For two decades now, executives in charge of organizational change have heard the same message from management experts: To achieve success, focus on the soft side of change – culture, leadership, and motivation. But is this advice correct? In a recent article, three experts from the Boston Consulting Group acknowledge the merits of this approach. But they also claim that it pushes the leadership pendulum too far in one direction and, by emphasizing intangibles, deprives leaders of reliable measures to gauge the success of their change efforts.
Effective change leadership, they say, requires a balanced approach that also emphasizes the not-so-fashionable hard aspects of change. That doesn’t mean you should ignore the soft elements; that would be a grave mistake. “However, if companies don’t pay attention to the hard issues first,” they say, “transformation programs will break down before the soft elements come into play.”
Hard-Change Success Factors
Based on their study of large-scale transformation in 225 companies, the experts identified four key factors to managing the hard side of change. By focusing on them rigorously, they say, you can develop a quantitative framework to determine your potential for success and when you may need to revise your change strategy.
- Project duration. The common assumption that long change projects are more likely to falter than shorter ones is inaccurate, claim these experts. Their research shows, in fact, that long projects that are reviewed frequently are less likely to lose momentum than short change projects without regular reviews. The time between reviews, therefore, is a better predictor of success than project duration.
Complex projects should be reviewed every two weeks to make sure they’re on track, say these experts.

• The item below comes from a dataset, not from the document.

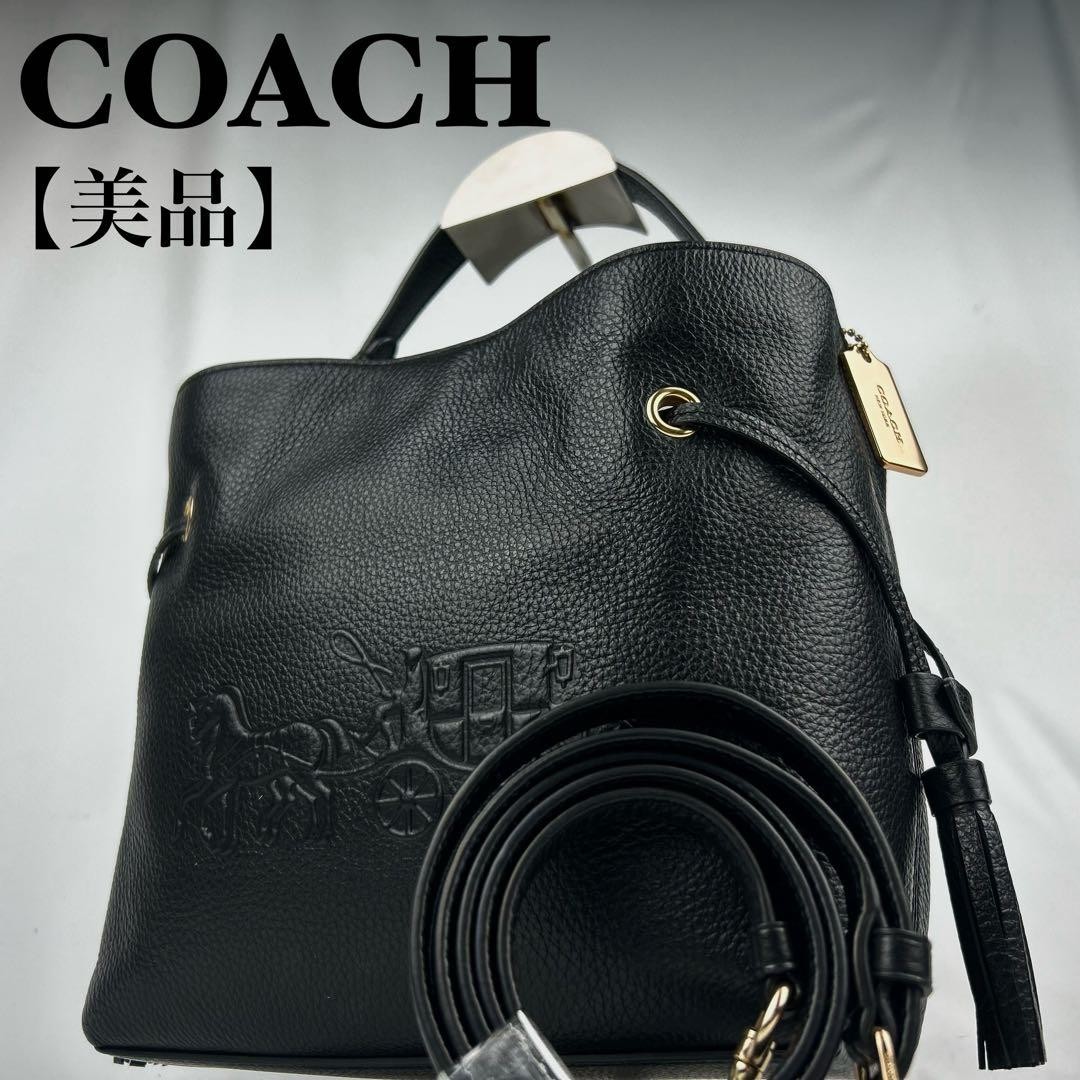Excellent Condition Coach Andy Tote 2way Mini 2way Tote Bag Embossed from Japan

More familiar or straightforward projects can be assessed every six to eight weeks. “In our experience, the probability that change initiatives will run into trouble rises exponentially when the time between reviews exceeds eight weeks.” To gauge progress, executive reviews should focus not on day-to-day activities but, rather, on important milestones that will have a significant impact on the success of the project. “When a milestone looks as though it won’t be reached on time, the project team must try to understand why, take corrective actions, and learn from the experience to prevent problems from recurring.”

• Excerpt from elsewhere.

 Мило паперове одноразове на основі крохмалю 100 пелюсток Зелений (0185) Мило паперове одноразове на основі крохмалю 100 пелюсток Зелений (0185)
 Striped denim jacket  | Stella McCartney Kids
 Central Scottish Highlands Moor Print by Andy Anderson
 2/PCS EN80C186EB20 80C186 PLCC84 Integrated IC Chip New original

- Performance integrity. Research shows a direct correlation between the success of change efforts and the quality and cohesiveness of project teams. For this reason, executives in charge of change should personally interview candidates (based on recommendations from key colleagues) so they can construct teams with the right portfolio of skills, knowledge, and social networks. Once the project gets under way, team cohesion should be measured regularly by administering confidential surveys to solicit members’ opinions.

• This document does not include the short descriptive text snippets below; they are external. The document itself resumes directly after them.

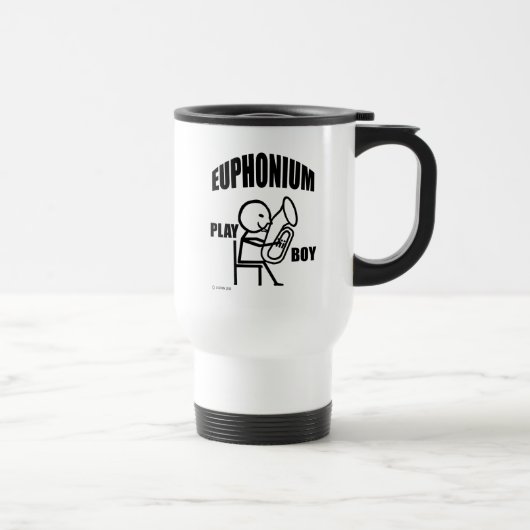 Euphonium Play Boy Travel Mug Reisbeker (Rechts)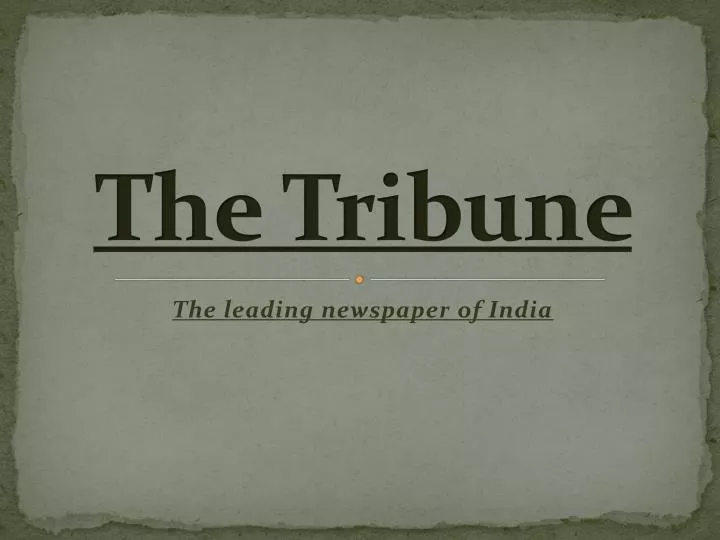 the tribune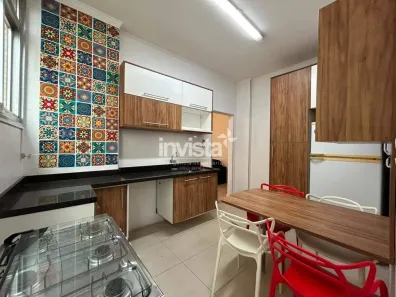 Apartamento com 2 Quartos para alugar, 85m² no Pompéia, Santos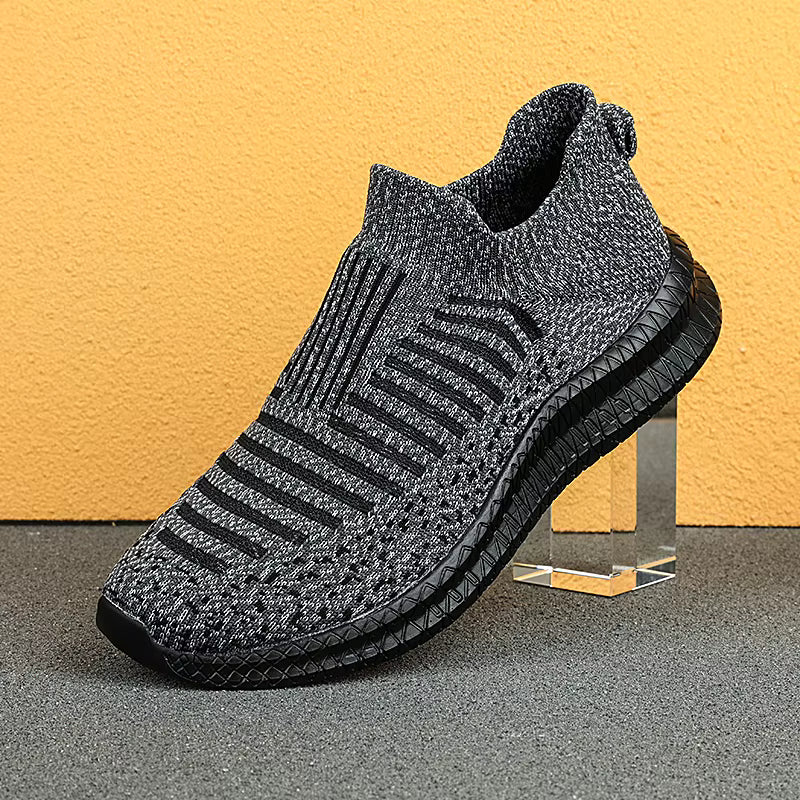 Flow Knit Trainers — Grey | LX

Executives should be especially selective when choosing team leaders, say these experts. Don’t focus just on managers who are competent and well liked (or who simply volunteer). Instead, look for leaders with problem-solving skills, organizational savvy, and a tolerance for ambiguity. One company studied, for example, used six criteria to evaluate the caliber of potential team members and rejected one-third of all candidates before finalizing its teams.
- Commitment to change. For change to take root, executives must win the backing of influential managers and constantly assess levels of enthusiasm among the people who must deal with the new systems or ways of working. Research shows, however, that many executives underestimate their power to build support for change, and they communicate too late or inconsistently. A good rule of thumb: “When you feel that you are talking up a change initiative at least three times more than you need to, your managers will feel that you are backing the transformation.”
Even simple efforts to reach out can turn employees into champions of change, claim these experts. Example: A major US energy producer was having problems gaining support from mid-level managers for a productivity improvement program. In a last-ditch effort, executives conducted one-on-one meetings to discuss the changes with managers and why the company might not survive without them. These frank discussions prompted project teams to demonstrate a series of quick wins, which gave the initiative a new lease on life.
- Work time and effort. If the changes you’re making require too much time and effort from staffers beyond their existing responsibilities, they’re likely to resist. Ideally, no one’s work load should increase more than 10 percent. If you go beyond that, these experts say, employee morale is likely to suffer and your resources may become overstretched, compromising both the change effort and normal operations.
To minimize these dangers, executives may have to take away some of the work of employees who will play key roles in the transformation. One way is to rid them of discretionary or nonessential responsibilities. Another way is to hire temporary workers to carry out routine activities until the change is complete. If the pressures of change are still too great, scale back your initiative. At one company studied, for example, the executive committee delayed 120 out of 250 subprojects, so that line managers could focus on high-priority changes.
Hard-Change Success Factors
When using measures like these, it’s important to remember that scores for the same project may vary widely among executives. But these differences are important in terms of the dialogue that it triggers, say these experts. “It provokes participants and engages them in debate over questions like ‘Why do we see the project in these different ways?’ and ‘What can we agree to do to ensure that the project will succeed?’” By using a quantitative framework for managing the hard side of change, these experts conclude, companies can create a common language and force the right discussions.